Thousands protest against Le Pen
PARIS, France -- Thousands of students have taken to the streets of Paris and other French towns in another show of protest against far-right presidential candidate Jean-Marie Le Pen.
Students shouted slogans 'Save the Republic' and held anti-Fascist banners while teenagers too young to vote criticised older French people for having failed their country.
"I can't begin to understand why people old enough to vote didn't bother. I just hope they'll come to their senses for the second round," 16-year-old Parisian Yael Flauder told Reuters news agency.
Police in Paris had been braced for violence on Monday as students returned from holiday but CNN's Chris Burns said the day had passed peacefully.
Demonstrations have taken place everyday since Le Pen recorded a shock 17 percent of the vote in the first-round on April 21 -- propelling him into the run-off on Sunday.
More protests held against Le Penrench soccer star Zinedine Zidane has also joined the chorus of protest against Le Pen, urging people to vote against him in the upcoming presidential runoff, the Associated Press reported.
Zidane, the son of Algerian immigrants who became a national hero after leading France to the World Cup, told France-Info radio that people must "think -- and I stress my words -- about the consequences of voting for a party that does not at all correspond to the values of France."
Other players in France's national team, whose 1998 World Cup victory was considered by many as a victory over ethnic divisions in the country, have also expressed alarm about Le Pen's success in the April 21 first round.

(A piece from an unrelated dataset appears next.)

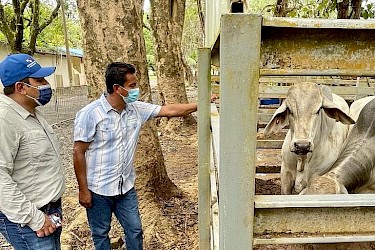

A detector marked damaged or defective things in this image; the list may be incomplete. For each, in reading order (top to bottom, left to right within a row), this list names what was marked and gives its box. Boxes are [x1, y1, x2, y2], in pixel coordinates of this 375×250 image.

rusty metal surface [262, 25, 375, 71]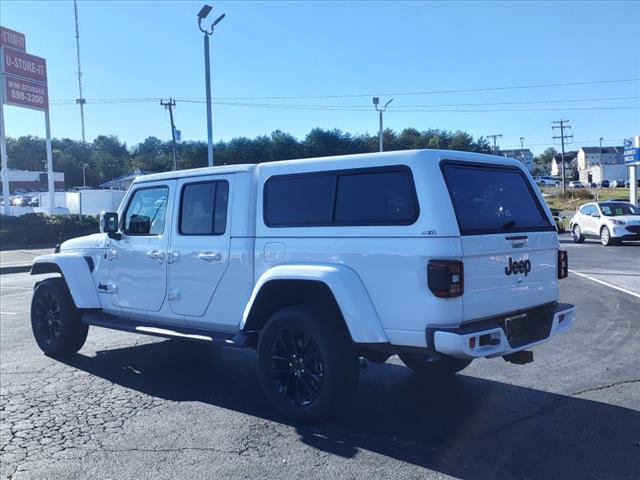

"Democracy is at stake here," captain Marcel Desailly said on his official Web site. "It's an undeniable fact that (Le Pen's) political party is a fascist party."
Le Pen, who has previously accused the media of being against him, has used his equal allocation of airtime to get his anti-immigration and anti-Europe electoral message across.
Le Pen, 73, can now be heard two or three times a day on radio and television.
He lambasted Ernest-Antoine Seilliere, head of the main employers' association Medef, on Monday after being accused of heralding a "decline without precedent" in France's economy if the former paratrooper is to be elected.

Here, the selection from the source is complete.